In 2020 and 2024, KFF Health News reporters were finalists for a Pulitzer Prize for Investigative Reporting for exposing how the Social Security Administration routinely reduced or suspended monthly checks to take back funds to pay off large debts that were often created by its own miscalculation of people’s benefits, and for exposing predatory bill collection by the University of Virginia Health System that squeezed low-income patients – many into bankruptcy – forcing the non-profit, state-run hospital to change its tactics.

==== Health Information and Trust Initiative ====
In 2023, KFF launched the Health Information and Trust Initiative for tracking health misinformation in the U.S, analyzing its impact on the American people, and mobilizing media to address the problem.

==== Past initiatives ====
KFF formerly sponsored training and site visits for health care reporters.

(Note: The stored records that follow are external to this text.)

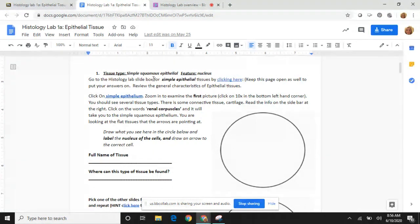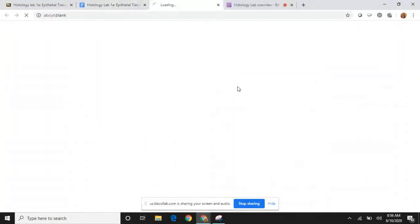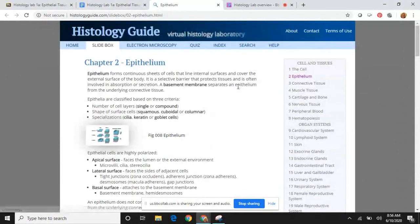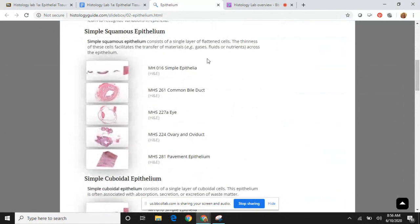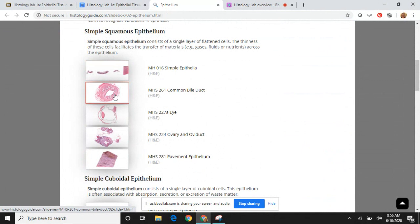So I want to show you how this assignment works and how to use this website. You're going to click where it says 'click here' — it's kind of like using a microscope. This takes you to the chapter two section on epithelium, and this is where I want you to read the information on screen. You can also come back here and explore different slides.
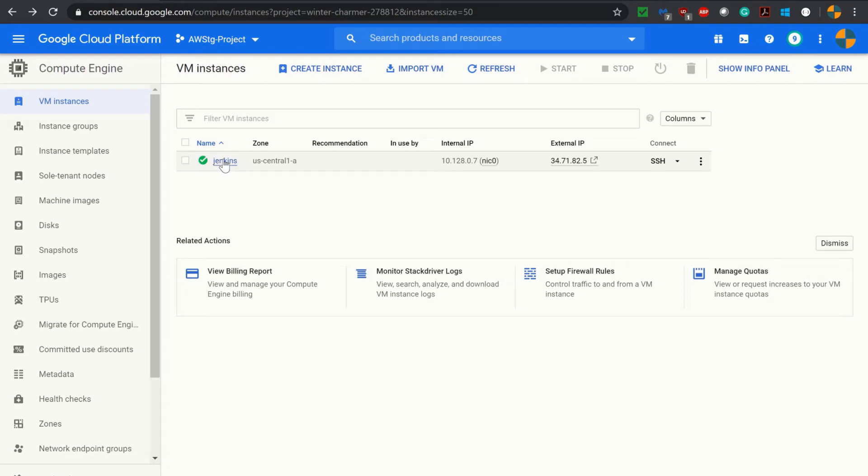Hello there. Welcome to AWS Tech Guide Training. Today we will be learning how to install Tomcat in a virtual machine in Google Cloud Platform.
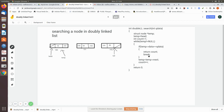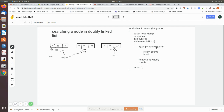If the data is equal to the query value, the while loop breaks and the position is returned to the main program. If it does not match, temp is moved to temp's next node and count is incremented. When it moves to the second node and finds 20 matching the query data, count is two, so two is returned — indicating the element is at the second node. If we search for a value like 35 that doesn't exist, temp eventually becomes null and zero is returned to indicate the element was not found.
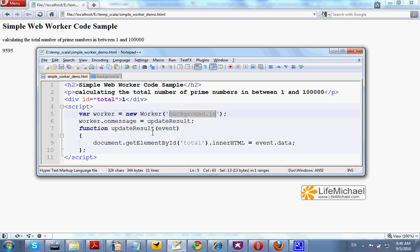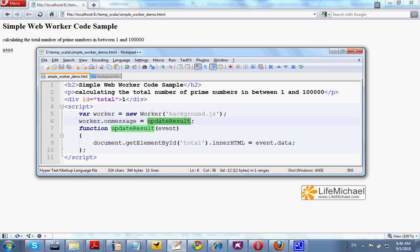In order to handle messages coming from the background script, we just need to refer the onMessage attribute, assign it with the function we want to handle each and every message coming from the script running in the background.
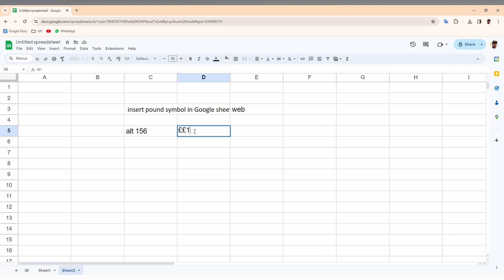Press Alt key and type 156. Just press it on your number keyboard, so the symbol will automatically appear here. You can just copy and paste it wherever you need it. This is how you insert a pound currency symbol on your Google Sheet on your web on your computer.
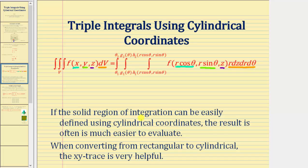If the solid region of integration can be easily defined using cylindrical coordinates, the triple integral in cylindrical form is often much easier to evaluate. When converting from rectangular to cylindrical coordinates, the xy trace is often helpful in order to find the limits of integration for r and theta.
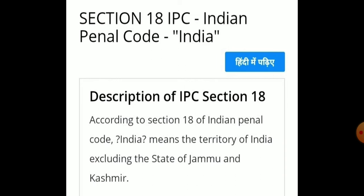Section 18 defines 'India'. According to Section 18 of the IPC, 'India' means the territory of India excluding Jammu and Kashmir.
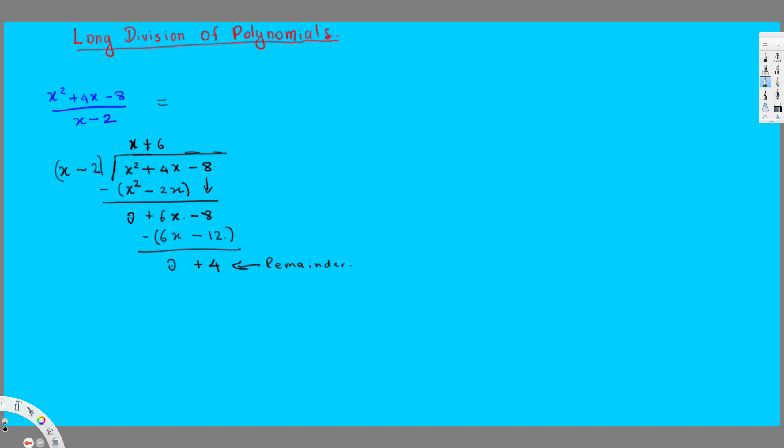Then this value, we put it in front, so x plus 6 right here, plus this reminder here we have 4. So the remainder goes on the top, and then in the bottom we have this x minus 2. And that is our final answer. I hope you guys like this video, see you next time.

KFF previously worked with major media and corporate partners, government agencies and health departments, national leadership and community organizations, and other partners to create large-scale public information campaigns on pressing health and social issues, mostly on HIV/AIDS, most notably, the Greater Than HIV, Greater than Covid, and Get Yourself Tested campaigns.

==History==
KFF was established in 1948 as the Kaiser Family Foundation by Henry J. Kaiser. The organization was set up in Oakland, California, the same city in which Kaiser Permanente's headquarters were located. Later, KFF moved to Sand Hill Road in Menlo Park, about 35 miles away from Oakland. In 2018, it relocated to San Francisco, CA.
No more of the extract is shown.